By Samir Naqvi – May 24, 2019

For decades, the separation between Washington D.C. and Silicon Valley has been philosophical as well as geographical. While the East Coast has often required extensive documentation before implementing new programs; on the West Coast, the focus is on pushing boundaries and thinking outside the box. As a result, advances in U.S. military technology have somewhat lagged other countries, as the Department of Defense’s vendor and contractor requirements are often stricter than Silicon Valley companies are able to meet.

But that’s all set to change with the advent of the FAST Labs system, a contractor-developed vehicle that allows new technologies to bypass traditional approval pathways and “fast-tracks” innovative ideas from conception to implementation. Let’s dive in to learn more about FAST Labs and how it’s poised to reshape the development of military technologies.

What is FAST Labs?

Developed by BAE Systems, Inc., one of Great Britain’s largest aerospace and defense firms, FAST Labs is dedicated to innovation. This program combines federal research funding with venture capital-fueled technology to accelerate the speed at which new ideas are explored, tested, and brought to market.

Unlike other defense contractor-launched systems, FAST Labs doesn’t create prototypes itself; instead, it helps provide technology entrepreneurs with the resources, marketing expertise, and mentoring opportunities they need to help them seek out angel investors and venture capitalists.

Why is FAST Labs So Innovative?

BAE is hoping that FAST Labs can allow cutting-edge technologies to be developed more quickly by bypassing the DoD’s Defense Advanced Research Projects Agency (DARPA) at the earliest stages. While DARPA still plays a valuable role in government and military innovation, it’s easy for fledgling technologies to get bogged down in its documentation and production requirements. By fast-tracking these projects and getting venture capitalists on board early, it’s more likely these projects will have verifiable results by the time they’re ready to go through DARPA.

Currently, FAST Labs has established two internal organizations to assist its search for new technologies: a portfolio strategy team and a scouting team.

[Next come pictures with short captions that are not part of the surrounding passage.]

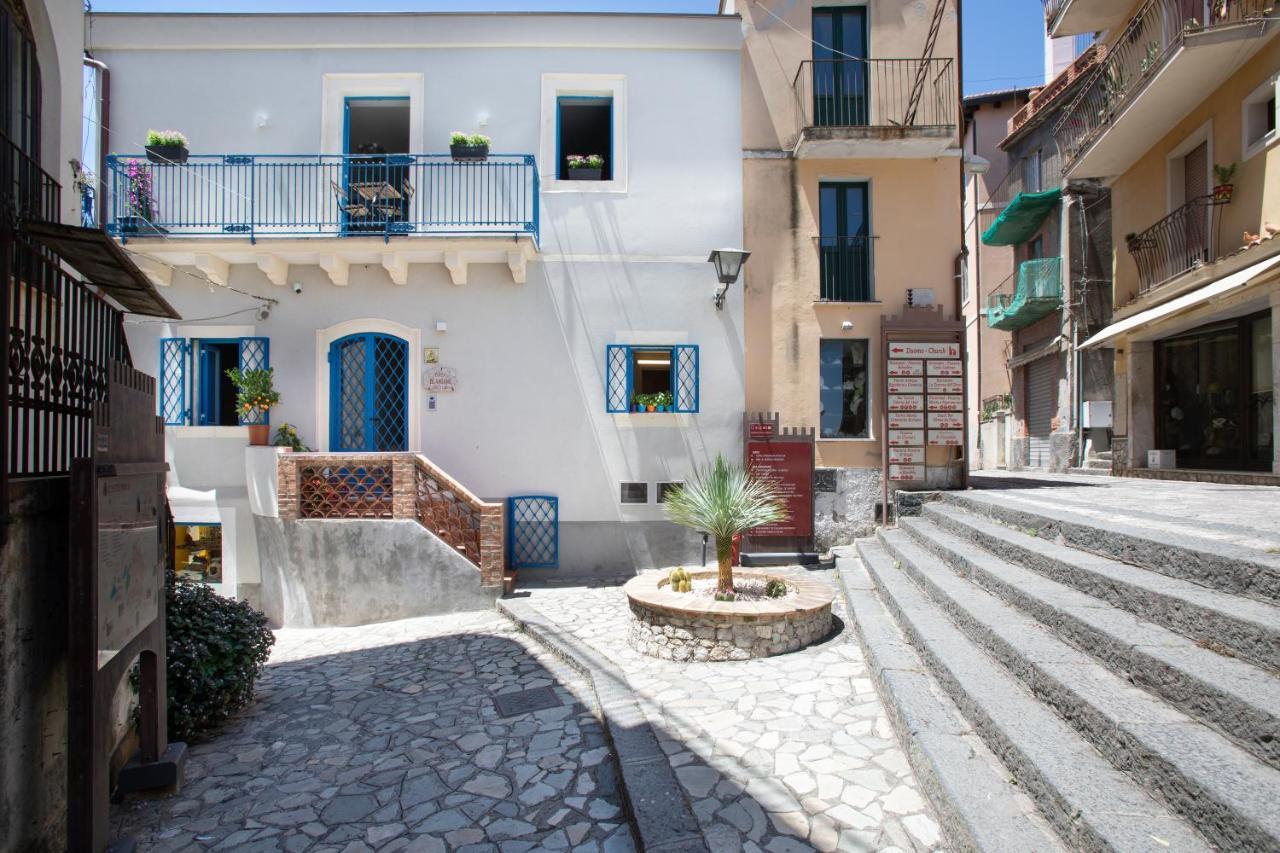 Casa Blandano B&B 卡斯泰尔莫拉 外观 照片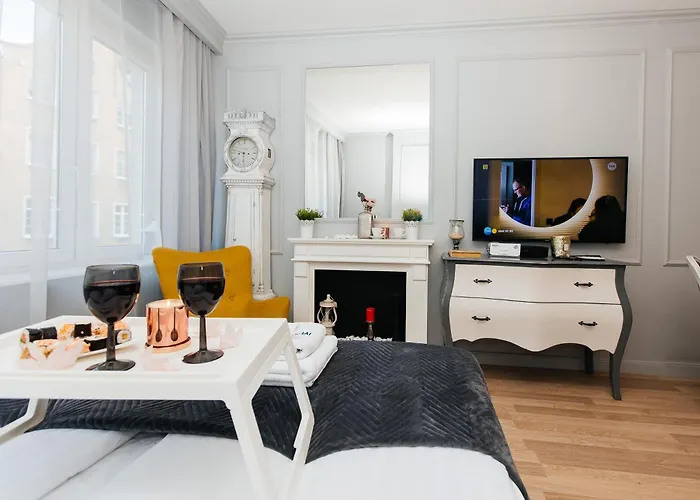 Maya's Flats & 70 - Garncarska Street Danzig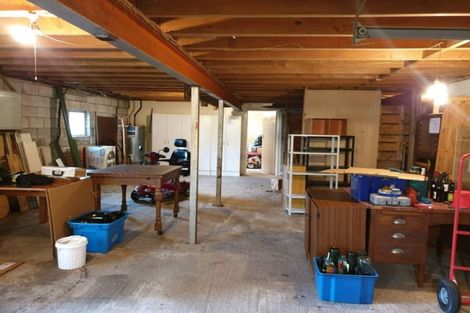 Photo of property in 277 High Street, Eltham, 4322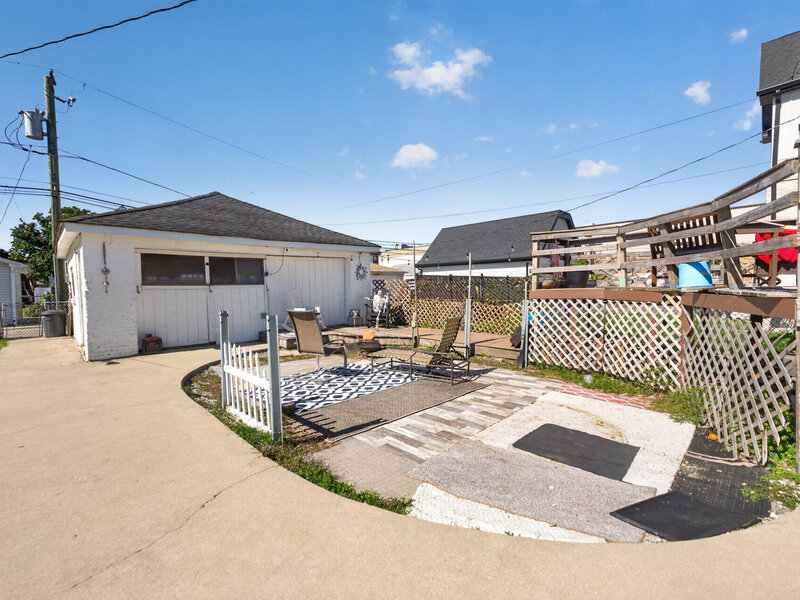 1224 Gunderson Avenue Berwyn IL 60402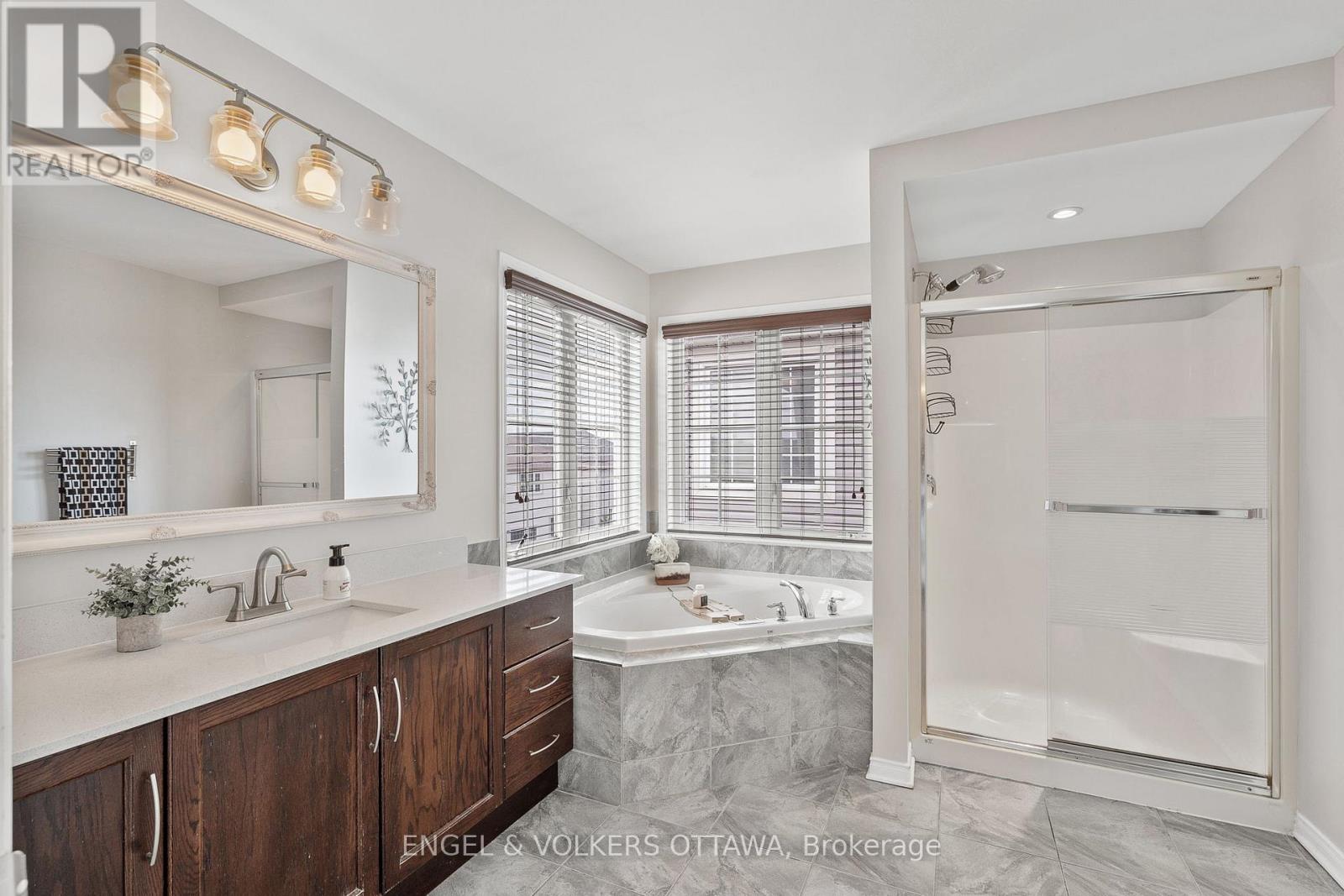 313 Lecanto Terrace, Ottawa, Ontario  K2J 0W8 - Photo 24 - X12159727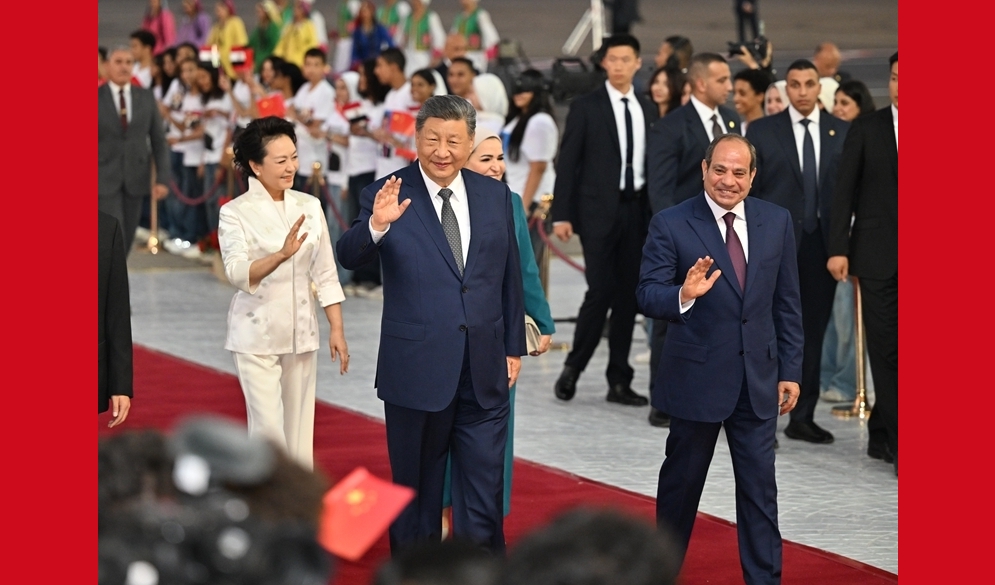 习近平抵达开罗对埃及进行国事访问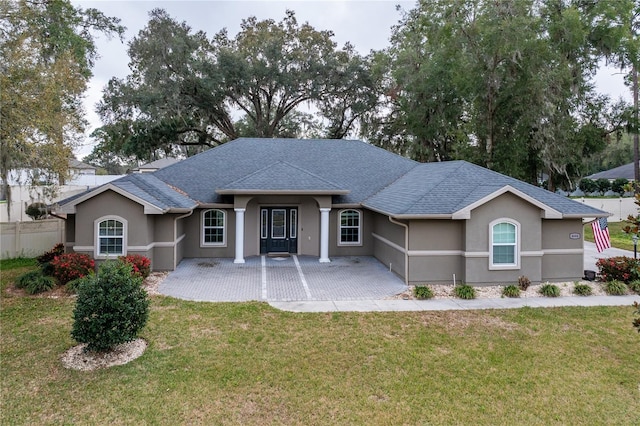 single story home with a front lawn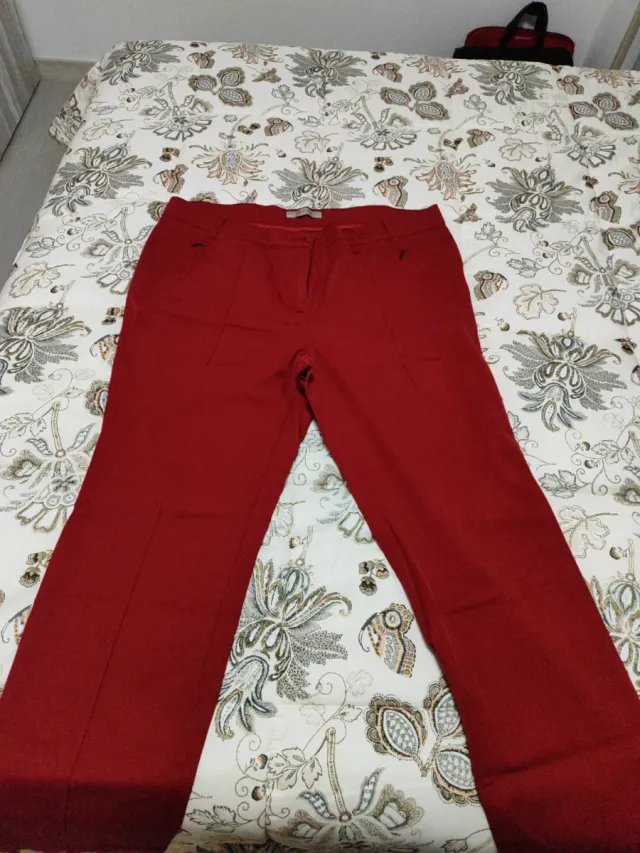 Pantalón de vestir rojo, burdeos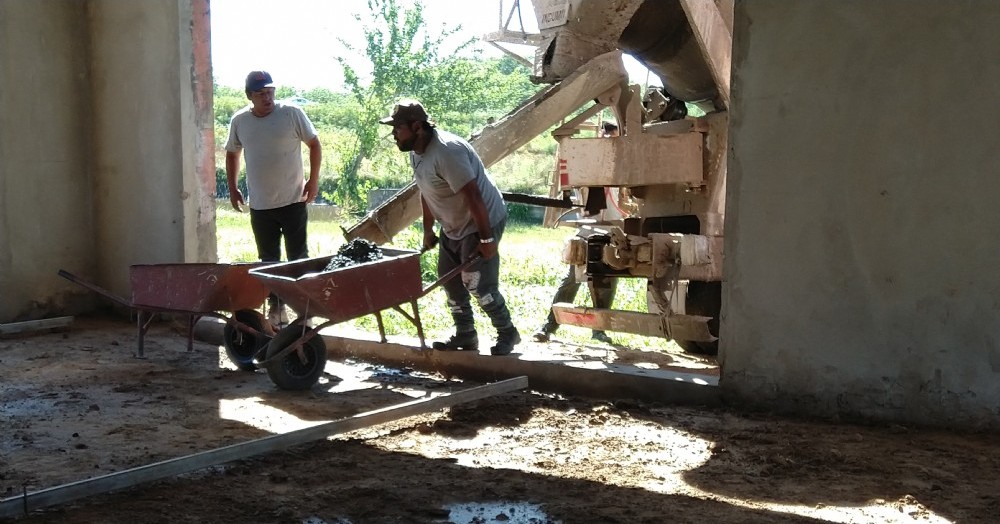 Trabajadores en el avance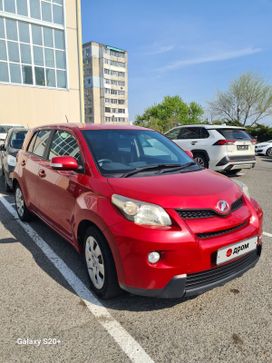  Toyota ist 2010 , 930000 , 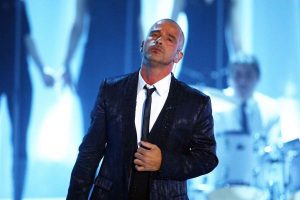 Eros Ramazzotti prende le distanze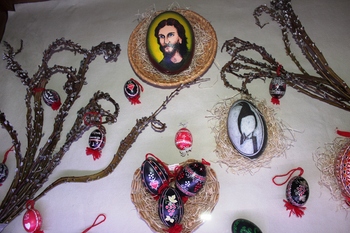 Pisanice in pirhi na razstavi v Jernejevem domu Pisanice in pirhi na razstavi v Jernejevem domu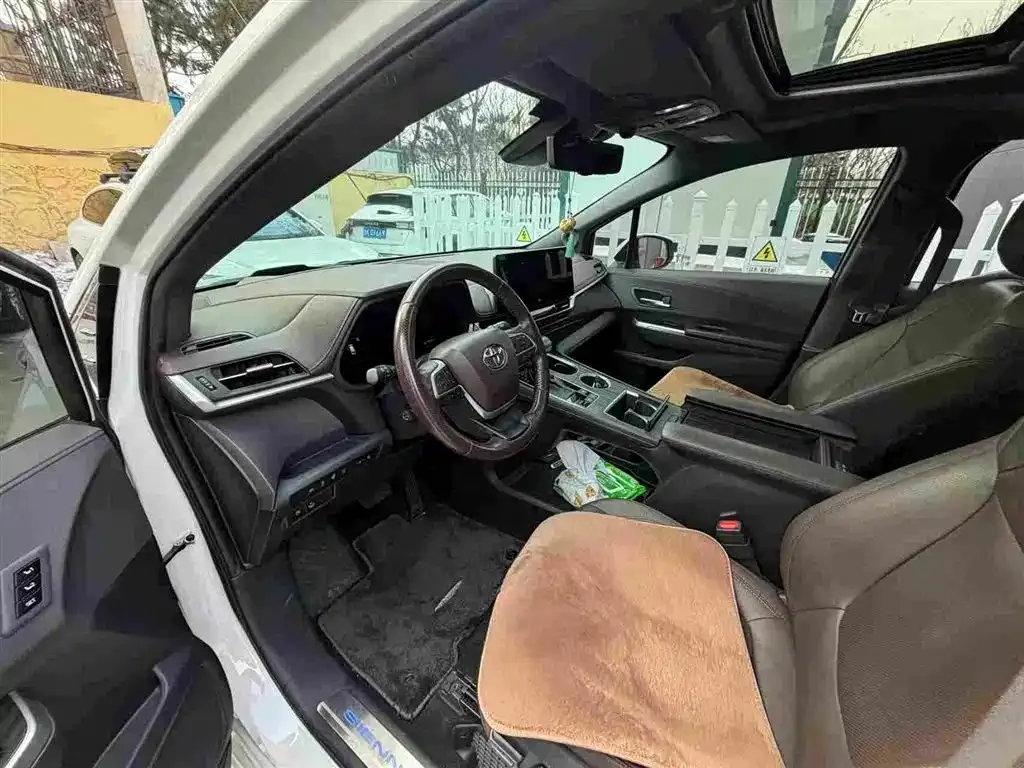 Toyota Sienna — фото 4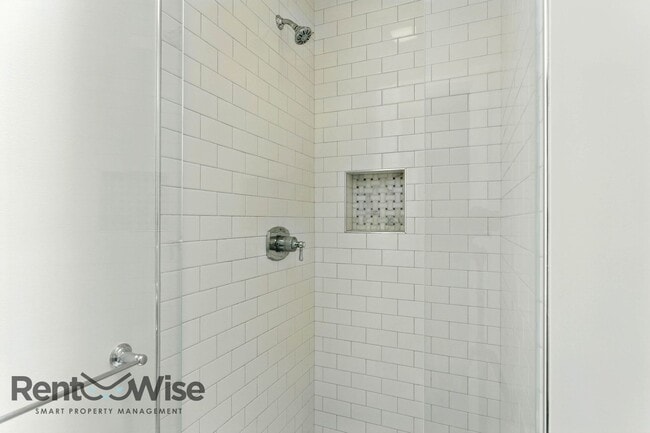Building Photo - 61 Marview Way
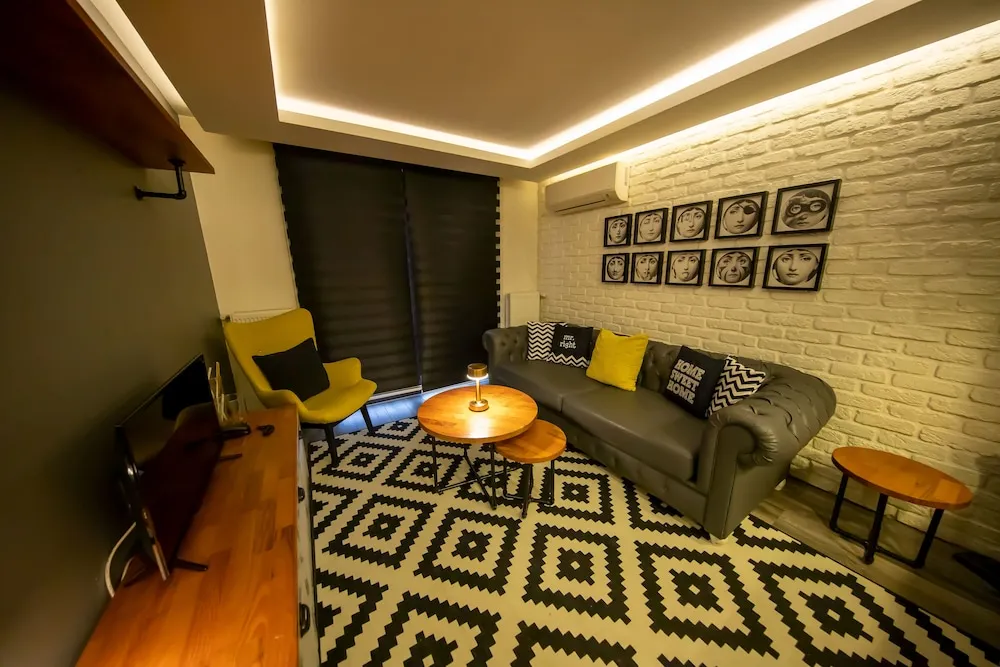 Deluxe Tek Büyük Yataklı Oda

The portfolio strategy team will evaluate each innovation as it progresses to determine whether it makes more sense for BAE to absorb the innovation into the program or purchase it as an outside vendor.

Meanwhile, the scouting team does just that—scouts potentially groundbreaking technologies that are emerging from university research teams, technology startups, and small businesses to determine whether these largely commercial technologies may also have viable military applications. 

By combining these approaches, FAST Labs has cast an incredibly broad net over today’s technological developments to ensure that the U.S. military has access to the most cutting-edge technology possible.